義澄と父義明は、源頼朝と、その父である源義朝と共に平治の乱を戦いぬき、衣笠城での合戦においては三浦義明は「老いた命を頼朝に捧げ、三浦の子孫の手柄としたい」といって衣笠城に籠り、華々しく散った功績が高く評価されて三浦一族は鎌倉時代初期の宿老として重きをなしたのである。
三浦義澄の墓所は、近殿神社の近く薬王寺跡にいまだに残されているのである。
現在、寺跡には民家が立ち並んでしまったが、崖の下には今なお三浦義澄の墓標が大切に残されている。

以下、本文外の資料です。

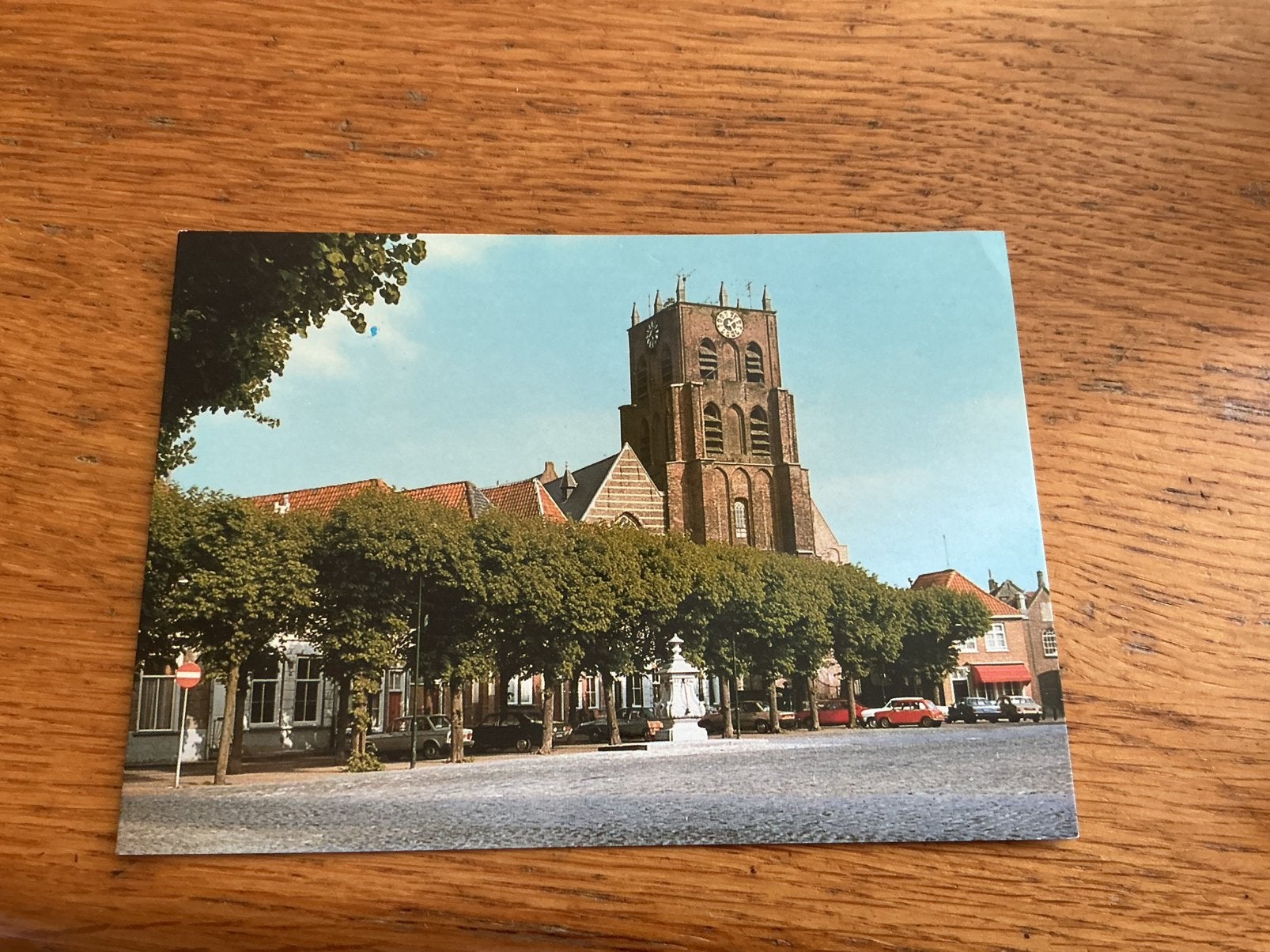 O319 Geertruidenberg kerk Peugeot, Verzamelen, Ophalen of Verzenden, 1960 tot 1980, Zuid-Holland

薬王寺は、和田義盛が父である和田義宗と叔父である三浦義澄の霊を慰めるべく建暦2年(1212年)に建立され、江戸期には三浦札所4番として活動もしていたなど、それなりに権勢のある寺院だったようである。
だが、惜しむかな明治の廃仏毀釈により廃絶されてしまい、それまで残っていた薬師堂も破棄されて、昭和のころには見渡す限りの水田に変わっていたという事である。

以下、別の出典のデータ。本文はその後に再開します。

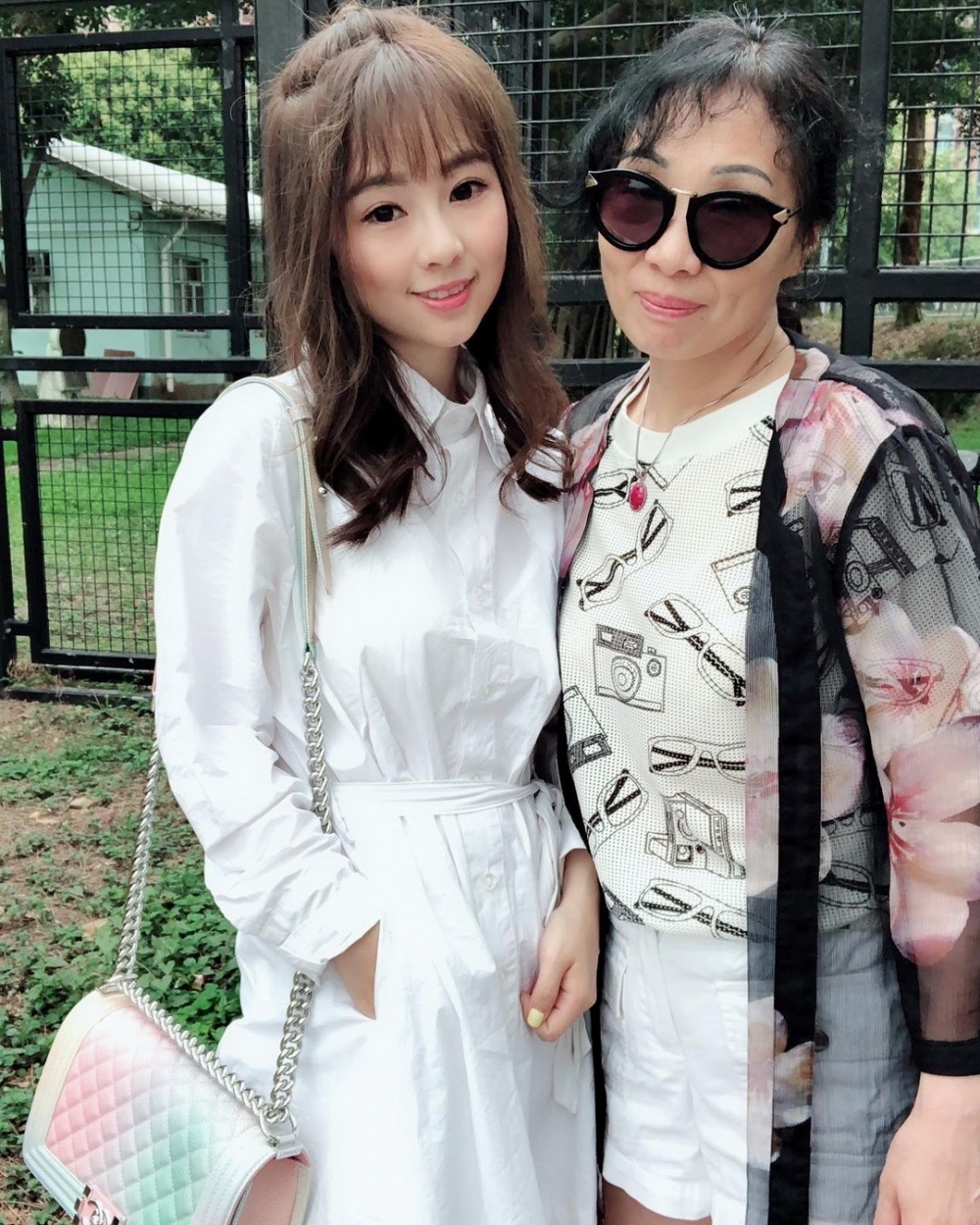 大學畢業後嘅谷婭溦去美國波士頓伯克利音樂學院進修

本尊の薬師如来像は、今は満昌寺に移され、かつて裏山にあったやぐらからは板碑も発見されており、ともに満昌寺で保管されている。
三浦義澄は、かつて矢部の二郎とも言われたように、薬王寺のあった大矢部に館を構えていたともいわれ、この地に薬王寺を築いたのも偶然ではないのだろう。

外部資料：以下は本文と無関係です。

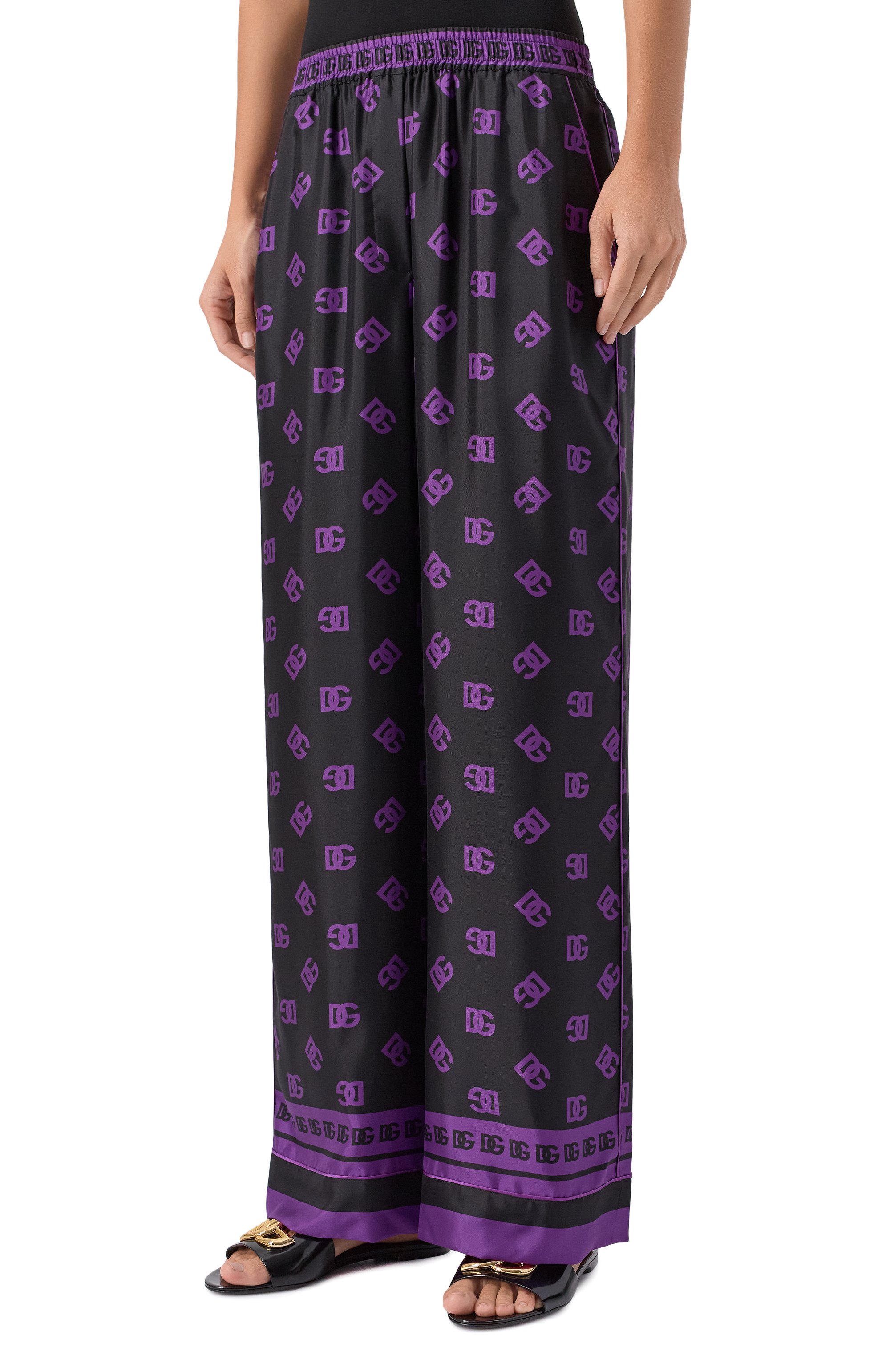 Шелковые брюки DOLCE & GABBANA черного цвета по цене 178000 руб., арт. FTAMPT/HI1Z7, фото 3 Шелковые брюки DOLCE & GABBANA, арт. FTAMPT/HI1Z7, фото 3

三浦義澄主従の墓は、細い路地を入った奥に土壁に守られて残っており、一時期は心ない住宅開発業者に破壊されそうになりながら、こんにちまで長らえてきたという。
近殿神社の灯籠や、墓所の壁の瓦に至るまであらゆるものに三浦の三つ引き紋があしらわれ、まさに三浦一族ゆかりの地である事を如実に現しているのである。
墓所の中心に、四角い石を三重に積み上げた義澄の墓と伝えられる塔は、整った五輪塔ではないものの、どっしりとしたその姿は義明なきあとの三浦一族を盛り立てた義澄の偉大さを見るかのようで、いかにも力強い。
また、墓所の片隅には不揃いな石積みが残されているが、これらは三浦一族の郎党や従者たちの墓であり、合わせて合掌礼拝すべきであろう。
いま、薬王寺の山門があったであろう場所には「山門及び駒繋石」の碑が残されている。
このあたりが薬王寺の山門であったと推測され、そのわきにはアザ地蔵と呼ばれる石が置かれているのが見てとれるが、この石に左寄りによった縄をかけて願掛けするとアザがとれると信仰されていた興味深いものである。
いま、薬王寺跡の墓所の脇には詣でる人も途絶えつつある薬王寺の住職のものと思わしき卵形の墓がひっそりと並び、まるで武士や仏道の栄枯盛衰を物言わず語っているかのようである。
いま、誰もいない晩秋の墓所で、はるかなる御先祖様を偲び一人手を合わせる時、突如として大矢部の山々に翻る旗指物と、武者たちの鬨の声が聞こえて来るようで、ここにも時の流れの切なさをしみじみと感じるのである。